Aquello fue el no va más para la inquietud de todo el curso: Los cuchicheos no paraban… Y a Bado dejó de importarle. Ya apretaría clavijas en los sitios precisos en otra oportunidad. En la fila de la primera sección, justo frente a las narices del fiero Sargento Ozawa, los cinco primeros cadetes se miraron entre ellos sin dejar la formación… Intercambiando sonrisas de auténtica sorpresa, pero también de contento. Ellos también habían forjado una relación al margen de la que sus padres tenían entre sí… Claro que la última palabra, incluso en esa solemne situación, no podía faltar en labios del Ex descocado Deisuke, que estaba dispuesto a pagar el precio por la última travesura importante de su vida…
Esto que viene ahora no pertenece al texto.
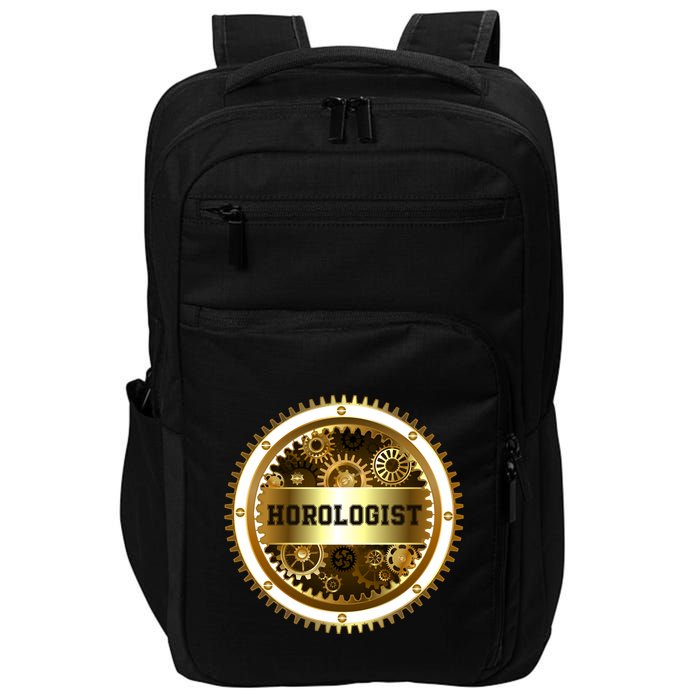 Horologist Horology Clockmaker Watchmaker Timekeeper Watch Collector Clock Lover Impact Tech Backpack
-… Y parece que aquí vamos otra vez…

-¡Cállate, Deisuke! –Rei susurró cortante

-¡Silencio en la fila, Joder! –El cabreo del Sargento Ozawa era auténtico- ¡Otra como esa, Shinohara, y quedarás peor que el culo de un Labor!

-¡Si, Sargento, Señor!

Deisuke se puso firme, todavía sonriendo por dentro: Casi cuarenta años de historia se concentraban en aquellos cinco puestos rellenos de sueños, esperanzas y genes. Mientras Bado proseguía su lectura, Chikawa, todavía en el ventanal de su despacho, Sonrió. El, mejor que nadie, sabía que la vida no se detenía. Y que, como aquellos muchachos descubrirían por sí mismos, los finales no son otra cosa que nuevos comienzos.